What Is Catalytic Carbon?
Catalytic carbon is another form of activated carbon, but the two types are not the same. Catalytic activated Carbon goes through an extra treatment step. To make catalytic carbon, the activated carbon’s surface is altered by a high-temperature gas treatment to increase its catalytic properties. The altered surface makes it a catalyst for various chemical reactions, which improve its water filtering abilities. This makes it a better catalyst for promoting and accelerating chemical reactions — helping it to remove more contaminants from water than regular activated carbon.
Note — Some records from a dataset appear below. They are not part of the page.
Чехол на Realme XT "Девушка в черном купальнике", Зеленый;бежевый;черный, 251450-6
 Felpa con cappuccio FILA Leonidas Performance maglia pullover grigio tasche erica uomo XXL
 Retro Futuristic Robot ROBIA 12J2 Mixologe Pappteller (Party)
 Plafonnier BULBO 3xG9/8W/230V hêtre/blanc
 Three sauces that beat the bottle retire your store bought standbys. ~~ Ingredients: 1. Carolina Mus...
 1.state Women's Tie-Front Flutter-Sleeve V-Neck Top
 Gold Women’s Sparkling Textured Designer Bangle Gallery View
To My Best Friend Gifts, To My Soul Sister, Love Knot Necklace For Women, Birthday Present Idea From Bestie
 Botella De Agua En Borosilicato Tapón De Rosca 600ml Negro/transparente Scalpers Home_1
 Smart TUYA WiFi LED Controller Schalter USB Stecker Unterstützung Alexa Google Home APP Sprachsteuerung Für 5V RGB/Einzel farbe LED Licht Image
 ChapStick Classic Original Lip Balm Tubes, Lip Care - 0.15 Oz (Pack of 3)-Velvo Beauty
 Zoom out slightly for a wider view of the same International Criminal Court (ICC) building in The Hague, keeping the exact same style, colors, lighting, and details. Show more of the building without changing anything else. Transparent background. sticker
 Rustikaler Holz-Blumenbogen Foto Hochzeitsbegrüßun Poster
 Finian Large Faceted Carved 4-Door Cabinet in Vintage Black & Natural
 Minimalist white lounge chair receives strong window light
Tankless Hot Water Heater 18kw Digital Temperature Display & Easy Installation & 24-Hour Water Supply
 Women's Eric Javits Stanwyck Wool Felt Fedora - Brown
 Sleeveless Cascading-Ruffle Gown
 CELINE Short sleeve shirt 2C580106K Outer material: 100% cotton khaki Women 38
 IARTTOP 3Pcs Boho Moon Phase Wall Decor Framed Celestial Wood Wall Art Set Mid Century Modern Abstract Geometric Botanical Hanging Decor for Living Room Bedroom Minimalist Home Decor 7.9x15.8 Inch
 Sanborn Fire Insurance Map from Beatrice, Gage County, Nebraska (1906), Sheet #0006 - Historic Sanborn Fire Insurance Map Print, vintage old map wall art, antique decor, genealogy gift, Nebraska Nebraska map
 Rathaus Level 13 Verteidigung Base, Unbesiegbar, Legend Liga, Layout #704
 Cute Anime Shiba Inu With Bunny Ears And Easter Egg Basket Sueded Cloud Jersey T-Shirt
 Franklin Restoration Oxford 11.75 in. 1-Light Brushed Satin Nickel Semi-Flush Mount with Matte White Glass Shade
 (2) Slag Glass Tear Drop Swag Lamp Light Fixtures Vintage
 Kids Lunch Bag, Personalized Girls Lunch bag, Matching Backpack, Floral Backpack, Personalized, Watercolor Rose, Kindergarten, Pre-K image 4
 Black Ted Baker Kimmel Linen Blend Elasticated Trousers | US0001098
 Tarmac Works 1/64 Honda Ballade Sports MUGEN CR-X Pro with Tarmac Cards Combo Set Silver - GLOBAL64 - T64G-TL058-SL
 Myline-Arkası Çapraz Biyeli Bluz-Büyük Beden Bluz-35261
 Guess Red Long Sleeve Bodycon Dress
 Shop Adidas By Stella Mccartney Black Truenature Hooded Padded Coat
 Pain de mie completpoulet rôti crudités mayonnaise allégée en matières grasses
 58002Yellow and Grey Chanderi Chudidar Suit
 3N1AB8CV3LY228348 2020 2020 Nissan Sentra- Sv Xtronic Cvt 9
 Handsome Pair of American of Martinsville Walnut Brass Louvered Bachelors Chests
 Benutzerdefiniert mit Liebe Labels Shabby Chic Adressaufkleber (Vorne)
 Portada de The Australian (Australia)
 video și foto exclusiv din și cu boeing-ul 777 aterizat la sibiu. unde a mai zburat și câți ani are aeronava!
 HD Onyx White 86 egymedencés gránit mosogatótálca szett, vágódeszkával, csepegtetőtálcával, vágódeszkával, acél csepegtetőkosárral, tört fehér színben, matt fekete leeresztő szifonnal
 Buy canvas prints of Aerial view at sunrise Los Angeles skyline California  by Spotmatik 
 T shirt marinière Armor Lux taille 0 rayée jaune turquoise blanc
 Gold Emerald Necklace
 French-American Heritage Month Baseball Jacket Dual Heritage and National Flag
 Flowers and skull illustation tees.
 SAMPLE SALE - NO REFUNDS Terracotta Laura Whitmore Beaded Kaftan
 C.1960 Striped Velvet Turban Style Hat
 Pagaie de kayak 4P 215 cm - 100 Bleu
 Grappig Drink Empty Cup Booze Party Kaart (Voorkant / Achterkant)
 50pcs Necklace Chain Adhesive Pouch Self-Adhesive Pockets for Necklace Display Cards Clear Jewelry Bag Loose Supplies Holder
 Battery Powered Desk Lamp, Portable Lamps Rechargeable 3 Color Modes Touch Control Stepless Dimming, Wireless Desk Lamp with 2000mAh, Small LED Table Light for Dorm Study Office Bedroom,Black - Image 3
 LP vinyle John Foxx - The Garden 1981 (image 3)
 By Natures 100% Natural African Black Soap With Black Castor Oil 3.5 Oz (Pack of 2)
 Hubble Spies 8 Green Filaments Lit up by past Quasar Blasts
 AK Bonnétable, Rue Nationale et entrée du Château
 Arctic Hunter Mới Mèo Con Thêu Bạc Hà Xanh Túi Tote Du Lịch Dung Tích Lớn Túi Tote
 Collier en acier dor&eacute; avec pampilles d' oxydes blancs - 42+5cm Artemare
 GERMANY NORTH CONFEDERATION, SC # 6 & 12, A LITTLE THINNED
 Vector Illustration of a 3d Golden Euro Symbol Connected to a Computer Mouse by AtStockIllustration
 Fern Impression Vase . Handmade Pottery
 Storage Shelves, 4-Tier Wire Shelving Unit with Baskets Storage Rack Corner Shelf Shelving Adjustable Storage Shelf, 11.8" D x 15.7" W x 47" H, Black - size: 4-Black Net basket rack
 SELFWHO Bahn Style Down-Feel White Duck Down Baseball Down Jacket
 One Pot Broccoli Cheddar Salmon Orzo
The advantage of using activated catalytic carbon vs. Activated Coconut Carbon is the Catalytic Carbon has improved chloramine reduction. Where activated carbon struggles, catalytic carbon causes a chemical reaction that turns chloramines into harmless chloride. The addition of KDF55 accelerates the reduction even further.
Similarly, catalytic activity can break down hydrogen sulfides, which cause a bad taste and rotten egg smell in Well water. Standard activated carbon is not as effective here. The addition of KDF85 in combination with the recommended “Centaur” catalytic carbon makes one of the most effective Hydrogen Sulfide reduction systems. As a water filter media, catalytic carbon is a major improvement on activated carbon and is priced accordingly.